By Stephanie Gadlin
Special to the Gary Crusader
When Gary residents go to the polls on Tuesday, May 8th they may be the deciding factor in whether or not an African American will become the first chief law enforcement officer for Lake County. However, two Black men are in a competitive race, and some observers have said splitting the vote, will ensure a different outcome.
This isn’t a scenario lost on Lake County Clerk of the Circuit Court Michael “Mike” Brown who has thrown his hat in the ring as the next Lake County sheriff, or Col. Richard T. Ligon, a former federal law enforcement agent and military commander. If elected, one of them will make history by becoming the first African American to hold the position of the county’s chief law enforcement officer.
Yet Brown, who is facing term limits as county clerk, insists that making history is not the impetus for him entering the race. “I’m aware of the historical importance, and that would be a great honor, but this is about service and how we can strengthen the department going forward,” he told the Crusader. “We need to restore the public’s trust, build employee morale and develop a comprehensive law enforcement plan that also has community input.”
Prior to being elected Clerk, Mike Brown successfully served two consecutive terms as the elected Lake County Recorder. His campaign for sheriff has been endorsed by Mayor Karen Freeman-Wilson.
In addition to Brown and Ligon, seven other candidates are vying for the office, including Sally DeRose, David Dowling, Jim Nowacki, Gerry Scheub, Todd Rakos, Maria Trajkovich and current Sheriff Oscar Martinez.
The Lake County Sheriff’s Department (LCSD) was hit last week with more fallout from the corruption trial of former Sheriff John Buncich who was convicted eight months ago of fraud and bribery. Former deputy chief Daniel Murcheck was indicted on April 20th for allegedly lying to the FBI during an investigation into pay-to-play towing. That first corruption trial and resignation of the sheriff allowed the Lake County Democratic Party to appoint Martinez in the top seat this past August.
LCSD, with a $35 million to $40 million budget, oversees 500 employees serving four divisions including police, corrections, court security and animal control.
While Brown says the department needs a “fresh set of eyes,” and cites his 20 plus years of county-wide administrative experience, Ligon, who is making his third bid for the office, believes that his wealth of law enforcement, military service and community service experience is what will resonate with voters.
“I am the most qualified candidate in this race,” Ligon told the Crusader. “Experience does indeed matter. If you needed heart surgery would you go to a podiatrist or a cardiologist? Both are physicians and both have an understanding of medicine, but I like to think if a podiatrist walked in to do your surgery you’d get out of there. If you don’t have any law enforcement experience it’s going to be very difficult to communicate to people.”
While Brown enjoys the support of voters and high-powered Democrats who’ve kept him in office for over two decades, Ligon has a loyal following of supporters thro-ughout Lake County, including law enforcement, educators, community and faith leaders.
Ligon supporter Syron “Sy” Smith, a community organizer and political consultant agreed, “As an African American, I know people in Gary will be better off with either of those two. But, I’m a Navy guy and I have a tremendous amount of respect for anyone who will raise their right hand and swear to give their life up for other people, so I’m with Col. Ligon. He also has integrity, experience, and the courage to stand up to the Fraternal Order of Police, [which] protects people who engage in [misconduct.] I don’t think he’ll be one to back down to the FOP.”
Smith, and other area voters, say they are concerned that Gary has seen a 14 percent spike in homicides this year. Faith and community leaders recently announced a renewed partnership with Gary Police Chief Richard Allen to design a comprehensive plan to address violence, gangs and the societal problems that lead to criminal behavior.
Brown believes voters will base their decision on how well they know and trust the candidates vying for office. He says it is unfortunate the African American base will be split between he and Ligon. “I met with [the colonel] early on to discuss this and the outcome wasn’t….,” he said with his voice trailing. “I thought we could work together. It is what it is.

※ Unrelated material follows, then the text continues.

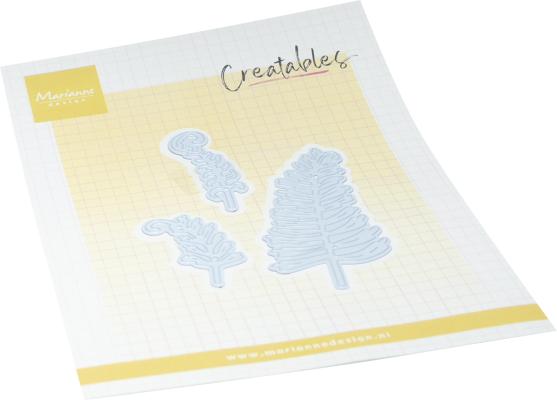 LR0946 Metal Die Marianne Design Creatables - Fantasy Ferns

It will be up to the voters to decide.”
In response Ligon confirmed that he had met privately with Brown and Mayor Freeman-Wilson, but he thought perhaps Brown should withdraw. “It would have been better not to divide the vote, but a lot of people have told me they can’t support [Brown], because he doesn’t have the experience. He came to the meeting with the mayor. Being a little older than him, I felt that he should step back and then if I’m elected, I would give him a position and train him so he could at least have a fuller understanding of law enforcement. Why should I step out of the way for political reasons?”
A representative for Mayor Freeman-Wilson did not respond to a Crusader inquiry at press deadline. Both Ligon’s and Brown’s names will appear on the May 8th ballot causing some speculation that this will allow Martinez, a Latino, to win.
Added Smith” There’s no doubt about it, there will be a split Black vote because there are people who see value in both of them. There’s also serious work to do to motivate our base, because the majority of us tend to go with whatever the party says, and that usually isn’t what’s best for us.”